We thank the Reviewer for this correction. We agree and have replaced ‘Hebbian’ with ‘spike pairing’.

2. It is unclear what is supposed to drive the postsynaptic activity during reactivation, and also when. During sleep? For example, p8 "During DA, information is allocated to primed synapses without the need of further coincident pre- and postsynaptic activity, but by reactivation of the postsynaptic neuron alone." Please clarify here and elsewhere. Please generally try to elaborate on this.

Following this statement on p8, "During DA, information is allocated to primed synapses without the need of further coincident pre- and postsynaptic activity, but by reactivation of the postsynaptic neuron alone.", the different possibilities, depending on what drives postsynaptic activity, are discussed (page 8, starting from lines 203 from ‘the broader’).
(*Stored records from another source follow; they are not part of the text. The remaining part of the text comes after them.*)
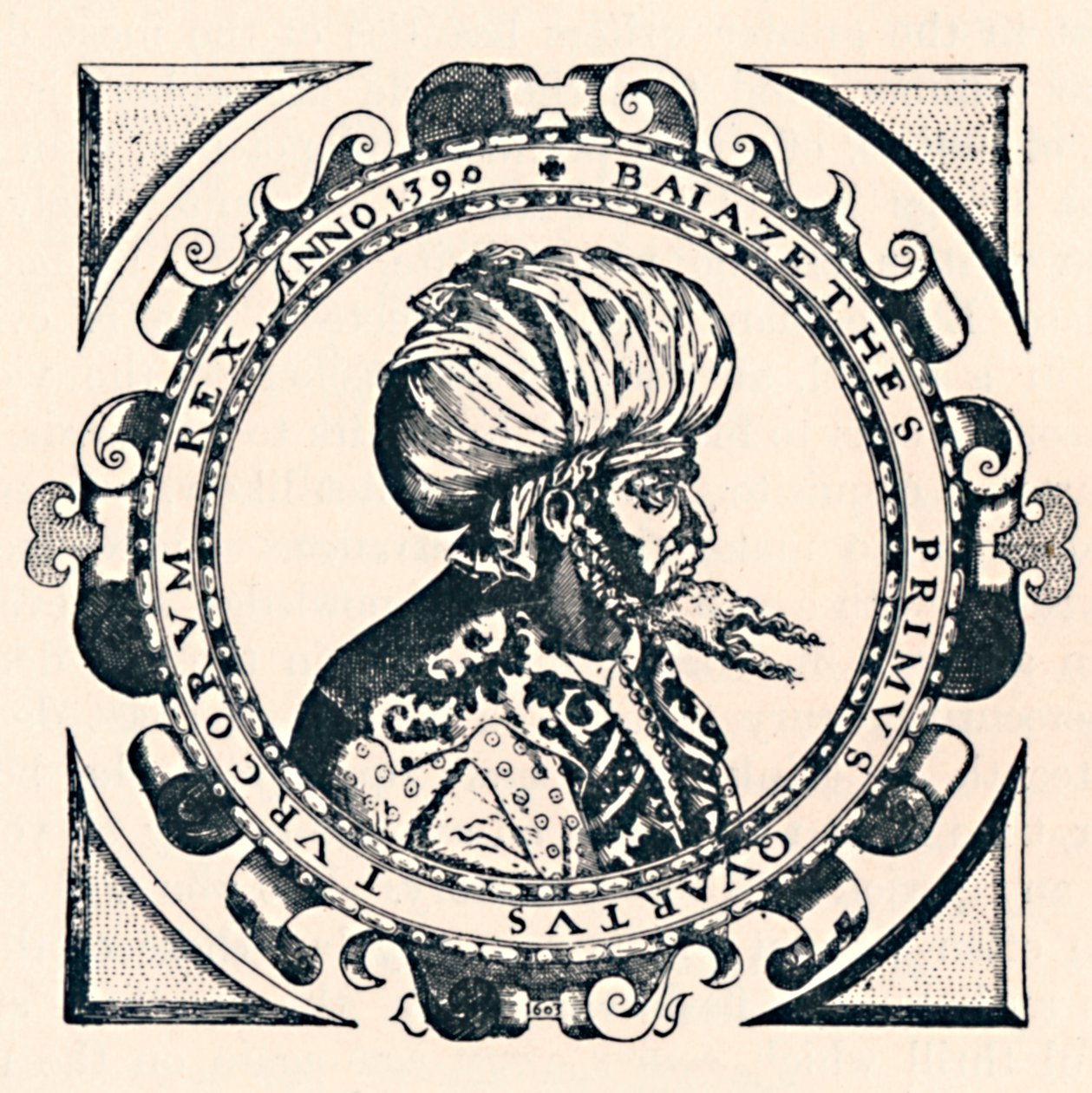 Retrato de Bajazet, 1603, 1903 de Unbekannt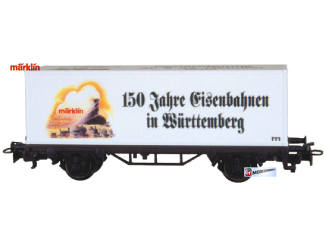 Marklin HO 4481 V.S19 Container Wagen - 150 Jahre Eisenbahnen in Württemberg - Modeltreinshop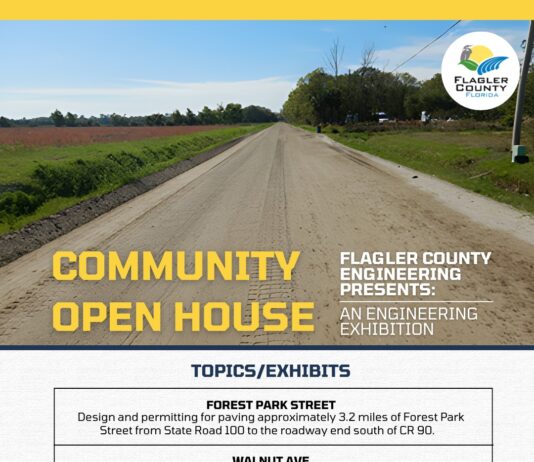 Flagler County Engineering Deptment to Host Open House November 4th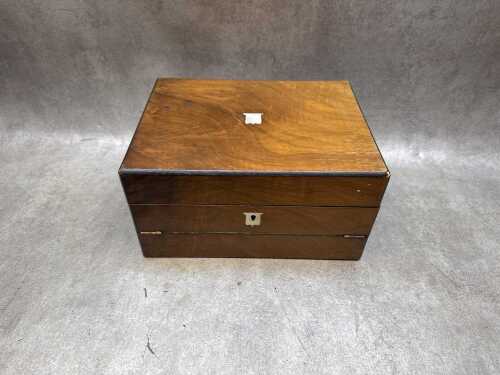 Antique walnut writing slope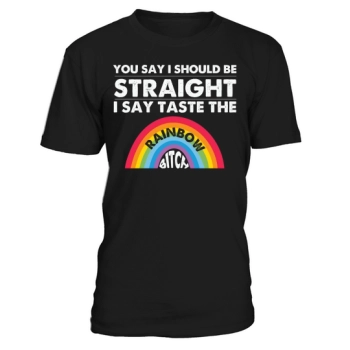 You Say I Should Be Straight I Say Taste The Rainbow Bitch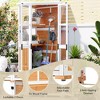 Whisen Outdoor Garden Storage Cabinet with Lockable Door & Waterproof Roof, Mini Greenhouse Cold Frame for Backyard Patio Lawn - 2 of 4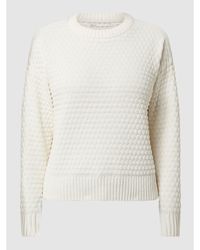 ONLY Pullover mit strukturiertem Muster Modell 'Lerke' - Weiß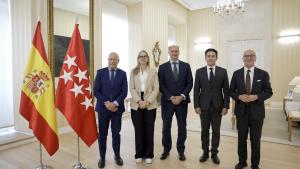 El consejero López-Valverde reunido con altos cargos de la multinacional tecnológica Cisco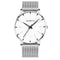 2020 Men's Watch Ultra-Thin Stainless Steel Men Business Watch Men Mesh Belt Quartz Wristwatch Male Clock Relogio Masculino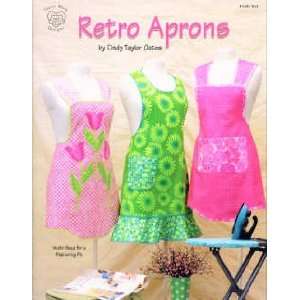  6006 BK RETRO APRONS BY CINDY TAYLOR OATES Arts, Crafts & Sewing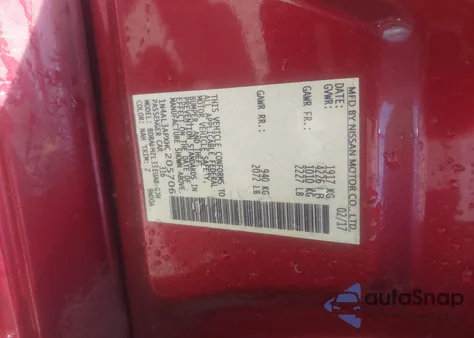 2017 Nissan Altima 2.5 Sr from USA, damaged, VIN 1N4AL3APXHC205706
To improve clarity, we have now changed the sentence to

“During DA modulation, information is allocated to primed synapses by reactivation of the postsynaptic neuron, and the broader computational implications of this learning rule depend on the control of postsynaptic neuronal bursting activity.”

Briefly, the two main hypotheses are (1) intrinsic excitability according to the memory allocation hypothesis (Yiu et al., 2014) (2) or presynaptic input from other areas (e.g.entorhinal cortex) that encode additional information. Additionally, in the Introduction we give some background on when reactivation occurs and how it is related to neuronal activity (principal neurons fire action potentials in brief bursts during sharp wave ripples) (please see page 3, line 70-77). This is discussed further in the Discussion section on page 14, line 364.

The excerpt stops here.